Rebecca De Filippo
- Born: 25 February 1994 (age 31) Swansea, Wales
- Height: 1.65 m (5.4 ft)
- Weight: 76 kg (12.0 st)
- University: Exeter University

Rugby union career
- Position: Centre

Amateur team(s)
- Years: Team / Apps / (Points)
- Bristol Ladies

International career
- Years: Team / Apps / (Points)
- 2012–present: Wales / 20
- Correct as of 30 April 2016

= Rebecca De Filippo =

Wales international rugby union player

Rebecca De Filippo (born 25 February 1994) is a Welsh rugby union player who plays centre for Bristol Ladies and the Wales women's national rugby union team.
She won her first international cap against Scotland in the 2012 Women's Six Nations Championship.

==Playing career==
Rebecca De Filippo was born in Swansea, Wales, on 25 February 1994.
She played for the Coleg Sir Gâr women's rugby team, where she was a member of the under-18s team who won the women's National Schools Sevens in 2012.

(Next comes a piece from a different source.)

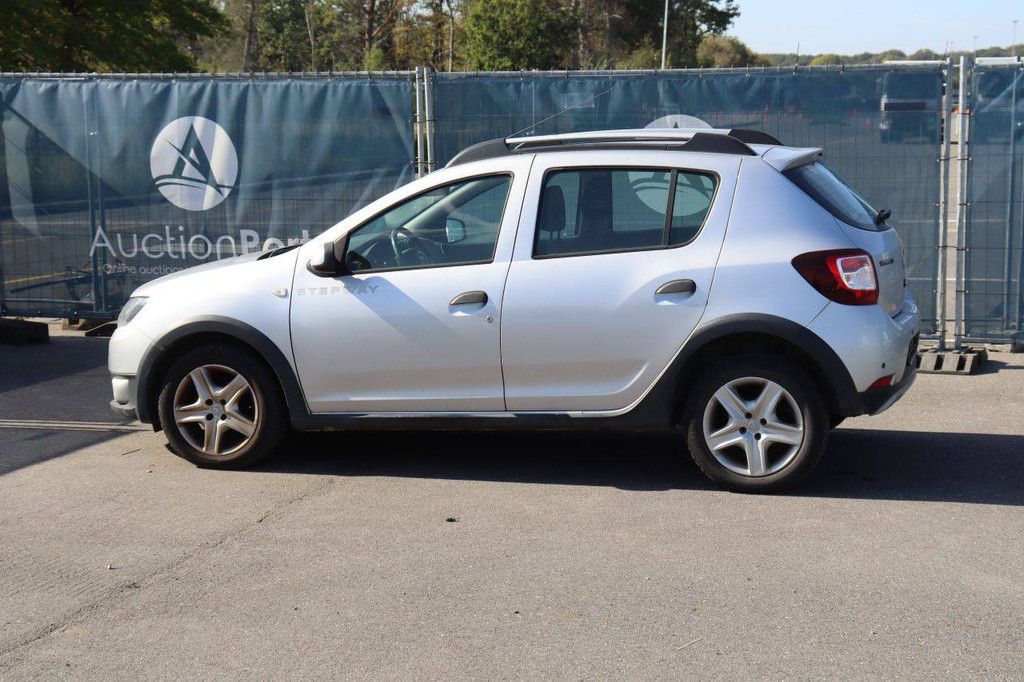 Pkw Dacia Sandero Diesel 90 PS 2015 (Marge)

By the age of 17, De Filippo was the captain of the Wales women's national under-18 and under-20 rugby union team.
She studied for a Bachelor of Science degree in sport and exercise science at Exeter University. She was a runner-up for Welsh Young Sports Personality of the year during 2013–14.

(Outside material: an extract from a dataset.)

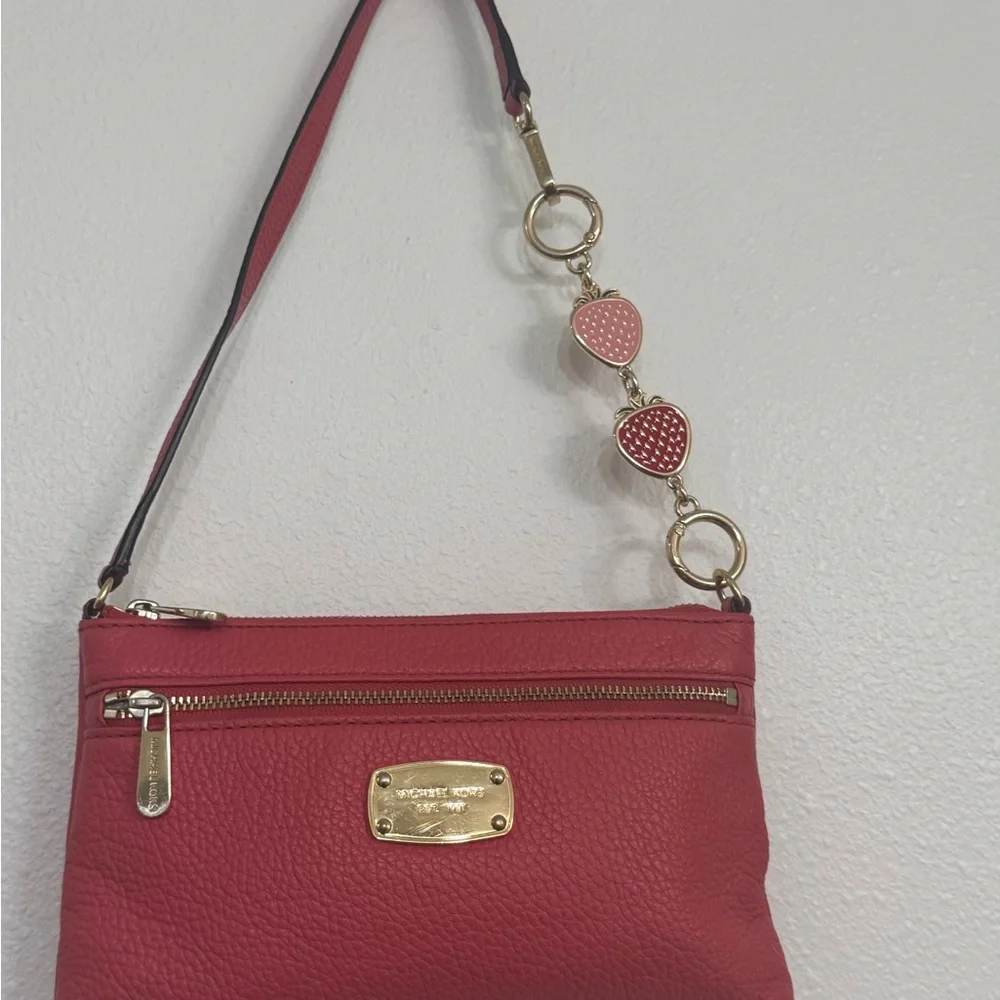 🍓🍓🍓Michael Kors Red Leather shoulder Bag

Rebecca De Filippo made her debut for the Wales women's national rugby union team against Scotland during the 2012 Women's Six Nations Championship after being brought on for Philippa Tuttiett. The game took place a week before De Filippo's 18th birthday.
Wales won the game 20–0, and although she spent time in the penalty box, she was praised by coach Rhys Edwards. The following week, she made her starting debut on her 18th birthday at Twickenham against England, replacing Tuttiett. She was named to the team that competed at the 2014 Women's Rugby World Cup.

As of 2016, her official Wales Rugby Union biography states that she is 1.65 m tall, and weighs 76 kg. She is a volunteer and mentor for the Dame Kelly Holmes Trust. She currently plays for Bristol Ladies rugby union team.